## Exercise description
Repeat verbatim, and only, the lines of the data below, beginning at the line that contains "Hotel Santika Garut Extérieur photo" and stopping after the line that contains "Porta de madeira".
━━━━
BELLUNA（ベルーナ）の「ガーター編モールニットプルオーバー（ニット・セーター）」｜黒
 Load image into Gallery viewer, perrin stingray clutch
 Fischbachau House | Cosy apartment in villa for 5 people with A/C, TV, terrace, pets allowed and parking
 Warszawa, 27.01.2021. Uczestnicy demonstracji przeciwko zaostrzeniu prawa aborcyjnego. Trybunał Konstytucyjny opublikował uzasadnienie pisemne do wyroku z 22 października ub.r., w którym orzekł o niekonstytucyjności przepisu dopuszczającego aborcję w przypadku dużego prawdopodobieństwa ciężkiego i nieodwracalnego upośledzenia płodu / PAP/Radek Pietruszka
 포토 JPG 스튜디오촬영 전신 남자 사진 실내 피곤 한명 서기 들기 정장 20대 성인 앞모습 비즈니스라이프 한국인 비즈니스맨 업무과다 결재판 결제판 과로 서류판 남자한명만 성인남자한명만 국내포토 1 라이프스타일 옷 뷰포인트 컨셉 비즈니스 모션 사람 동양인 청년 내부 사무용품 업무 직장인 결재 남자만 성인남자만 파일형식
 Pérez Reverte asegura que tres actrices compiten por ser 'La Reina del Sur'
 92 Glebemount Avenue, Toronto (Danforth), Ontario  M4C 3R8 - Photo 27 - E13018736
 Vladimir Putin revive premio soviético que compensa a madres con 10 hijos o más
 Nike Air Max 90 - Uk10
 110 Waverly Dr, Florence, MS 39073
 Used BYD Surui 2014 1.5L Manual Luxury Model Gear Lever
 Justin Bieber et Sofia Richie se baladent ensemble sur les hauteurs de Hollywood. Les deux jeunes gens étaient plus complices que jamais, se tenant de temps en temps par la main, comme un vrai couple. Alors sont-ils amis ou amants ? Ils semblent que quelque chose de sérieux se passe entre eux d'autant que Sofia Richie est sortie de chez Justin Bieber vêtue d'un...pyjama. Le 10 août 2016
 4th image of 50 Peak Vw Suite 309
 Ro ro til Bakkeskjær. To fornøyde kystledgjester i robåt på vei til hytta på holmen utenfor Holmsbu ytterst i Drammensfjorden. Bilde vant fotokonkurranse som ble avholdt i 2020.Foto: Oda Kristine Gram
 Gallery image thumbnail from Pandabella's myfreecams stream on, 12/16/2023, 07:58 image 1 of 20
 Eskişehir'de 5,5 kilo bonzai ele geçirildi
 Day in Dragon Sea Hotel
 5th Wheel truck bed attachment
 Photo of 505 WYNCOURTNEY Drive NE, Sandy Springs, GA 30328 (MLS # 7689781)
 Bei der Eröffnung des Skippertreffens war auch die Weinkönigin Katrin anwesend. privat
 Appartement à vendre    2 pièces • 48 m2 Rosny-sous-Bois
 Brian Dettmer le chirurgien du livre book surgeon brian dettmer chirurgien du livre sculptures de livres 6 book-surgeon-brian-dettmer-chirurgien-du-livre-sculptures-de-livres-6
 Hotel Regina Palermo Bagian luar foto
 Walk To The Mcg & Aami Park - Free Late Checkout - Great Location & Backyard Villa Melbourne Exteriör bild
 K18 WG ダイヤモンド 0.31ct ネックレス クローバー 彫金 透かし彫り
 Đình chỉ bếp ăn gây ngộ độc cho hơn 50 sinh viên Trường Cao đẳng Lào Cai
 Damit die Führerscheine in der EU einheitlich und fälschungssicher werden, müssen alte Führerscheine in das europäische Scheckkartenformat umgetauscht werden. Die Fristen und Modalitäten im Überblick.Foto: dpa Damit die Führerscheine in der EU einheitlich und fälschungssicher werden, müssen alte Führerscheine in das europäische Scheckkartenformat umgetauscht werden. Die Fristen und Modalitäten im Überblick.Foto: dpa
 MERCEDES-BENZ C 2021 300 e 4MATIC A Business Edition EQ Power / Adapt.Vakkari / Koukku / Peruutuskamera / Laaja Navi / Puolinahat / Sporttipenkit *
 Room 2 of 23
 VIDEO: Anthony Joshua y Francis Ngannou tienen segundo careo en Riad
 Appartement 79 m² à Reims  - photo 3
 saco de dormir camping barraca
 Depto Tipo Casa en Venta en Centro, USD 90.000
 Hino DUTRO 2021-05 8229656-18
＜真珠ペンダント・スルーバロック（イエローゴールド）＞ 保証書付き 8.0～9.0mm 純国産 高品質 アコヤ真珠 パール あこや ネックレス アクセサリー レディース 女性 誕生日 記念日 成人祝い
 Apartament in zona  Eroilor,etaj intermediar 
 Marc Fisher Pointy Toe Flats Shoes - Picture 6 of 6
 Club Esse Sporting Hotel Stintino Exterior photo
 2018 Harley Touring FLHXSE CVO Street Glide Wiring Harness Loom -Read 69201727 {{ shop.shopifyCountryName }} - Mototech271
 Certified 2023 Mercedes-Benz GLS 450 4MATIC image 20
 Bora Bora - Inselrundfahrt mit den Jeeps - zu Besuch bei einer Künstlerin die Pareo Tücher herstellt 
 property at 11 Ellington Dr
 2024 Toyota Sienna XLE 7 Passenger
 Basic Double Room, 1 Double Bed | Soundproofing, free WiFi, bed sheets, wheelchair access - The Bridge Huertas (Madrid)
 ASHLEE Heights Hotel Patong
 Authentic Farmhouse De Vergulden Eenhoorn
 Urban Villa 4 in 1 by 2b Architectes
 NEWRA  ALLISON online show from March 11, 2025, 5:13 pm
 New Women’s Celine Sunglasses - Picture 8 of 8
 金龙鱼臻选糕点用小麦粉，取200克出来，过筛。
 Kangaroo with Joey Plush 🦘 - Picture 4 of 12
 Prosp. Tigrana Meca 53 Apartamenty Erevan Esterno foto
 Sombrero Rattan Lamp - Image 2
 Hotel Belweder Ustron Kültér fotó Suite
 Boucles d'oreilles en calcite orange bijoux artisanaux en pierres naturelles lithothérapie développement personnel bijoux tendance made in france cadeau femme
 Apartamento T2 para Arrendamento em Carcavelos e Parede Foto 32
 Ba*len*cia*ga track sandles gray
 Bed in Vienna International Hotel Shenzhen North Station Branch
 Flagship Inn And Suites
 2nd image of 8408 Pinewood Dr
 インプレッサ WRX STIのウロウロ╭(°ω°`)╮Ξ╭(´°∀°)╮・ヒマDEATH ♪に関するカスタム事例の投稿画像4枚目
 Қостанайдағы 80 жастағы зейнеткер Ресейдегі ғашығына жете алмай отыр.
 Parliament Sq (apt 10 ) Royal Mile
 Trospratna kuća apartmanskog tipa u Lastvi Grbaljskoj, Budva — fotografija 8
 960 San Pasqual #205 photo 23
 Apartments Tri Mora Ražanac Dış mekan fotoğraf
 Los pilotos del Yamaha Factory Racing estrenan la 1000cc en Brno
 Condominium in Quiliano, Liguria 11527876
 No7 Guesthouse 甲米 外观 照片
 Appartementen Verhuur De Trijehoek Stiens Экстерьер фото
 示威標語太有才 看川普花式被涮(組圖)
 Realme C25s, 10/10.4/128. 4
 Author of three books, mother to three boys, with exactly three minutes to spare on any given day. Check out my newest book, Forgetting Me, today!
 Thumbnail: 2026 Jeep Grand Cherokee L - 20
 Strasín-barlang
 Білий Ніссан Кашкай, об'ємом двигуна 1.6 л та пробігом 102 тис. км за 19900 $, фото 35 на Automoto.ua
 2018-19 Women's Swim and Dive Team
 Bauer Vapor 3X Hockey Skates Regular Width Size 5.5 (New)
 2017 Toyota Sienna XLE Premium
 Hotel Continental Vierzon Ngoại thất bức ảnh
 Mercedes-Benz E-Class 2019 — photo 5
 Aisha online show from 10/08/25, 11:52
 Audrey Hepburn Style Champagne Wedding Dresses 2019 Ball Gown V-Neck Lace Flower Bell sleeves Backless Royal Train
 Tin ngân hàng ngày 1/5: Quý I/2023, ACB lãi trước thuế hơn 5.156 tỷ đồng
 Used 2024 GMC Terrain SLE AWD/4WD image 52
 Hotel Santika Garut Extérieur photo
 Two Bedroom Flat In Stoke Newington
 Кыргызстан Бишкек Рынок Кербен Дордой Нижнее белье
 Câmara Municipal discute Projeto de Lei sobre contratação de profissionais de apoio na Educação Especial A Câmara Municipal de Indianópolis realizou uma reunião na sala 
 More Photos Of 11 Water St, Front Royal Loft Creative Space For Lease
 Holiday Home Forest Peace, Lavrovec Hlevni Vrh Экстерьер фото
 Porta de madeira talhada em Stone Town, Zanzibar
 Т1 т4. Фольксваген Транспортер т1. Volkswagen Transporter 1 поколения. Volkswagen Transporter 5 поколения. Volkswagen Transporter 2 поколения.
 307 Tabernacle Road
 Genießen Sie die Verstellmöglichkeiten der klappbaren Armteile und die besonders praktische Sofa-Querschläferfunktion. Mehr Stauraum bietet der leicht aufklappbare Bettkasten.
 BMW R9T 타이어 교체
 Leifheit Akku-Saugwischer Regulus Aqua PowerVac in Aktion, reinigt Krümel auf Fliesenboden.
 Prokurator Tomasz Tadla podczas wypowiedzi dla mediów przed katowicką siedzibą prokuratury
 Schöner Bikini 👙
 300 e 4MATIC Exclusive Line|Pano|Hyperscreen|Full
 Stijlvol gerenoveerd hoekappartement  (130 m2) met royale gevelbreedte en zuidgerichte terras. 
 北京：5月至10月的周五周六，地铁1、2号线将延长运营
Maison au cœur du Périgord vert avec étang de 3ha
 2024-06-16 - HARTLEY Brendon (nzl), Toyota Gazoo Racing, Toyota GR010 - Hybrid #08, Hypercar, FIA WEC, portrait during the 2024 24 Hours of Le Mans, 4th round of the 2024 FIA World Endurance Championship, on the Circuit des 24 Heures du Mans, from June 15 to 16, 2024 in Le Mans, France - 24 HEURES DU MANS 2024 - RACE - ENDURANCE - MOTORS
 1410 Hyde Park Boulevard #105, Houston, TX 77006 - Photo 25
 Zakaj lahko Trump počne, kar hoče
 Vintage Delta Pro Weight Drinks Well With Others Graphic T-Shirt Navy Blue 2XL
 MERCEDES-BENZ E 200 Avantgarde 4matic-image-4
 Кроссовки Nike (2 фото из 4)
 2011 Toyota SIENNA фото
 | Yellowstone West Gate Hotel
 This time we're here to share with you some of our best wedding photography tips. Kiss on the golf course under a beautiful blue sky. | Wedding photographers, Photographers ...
━━━━
## The answer
 Hotel Santika Garut Extérieur photo
 Two Bedroom Flat In Stoke Newington
 Кыргызстан Бишкек Рынок Кербен Дордой Нижнее белье
 Câmara Municipal discute Projeto de Lei sobre contratação de profissionais de apoio na Educação Especial A Câmara Municipal de Indianópolis realizou uma reunião na sala 
 More Photos Of 11 Water St, Front Royal Loft Creative Space For Lease
 Holiday Home Forest Peace, Lavrovec Hlevni Vrh Экстерьер фото
 Porta de madeira talhada em Stone Town, Zanzibar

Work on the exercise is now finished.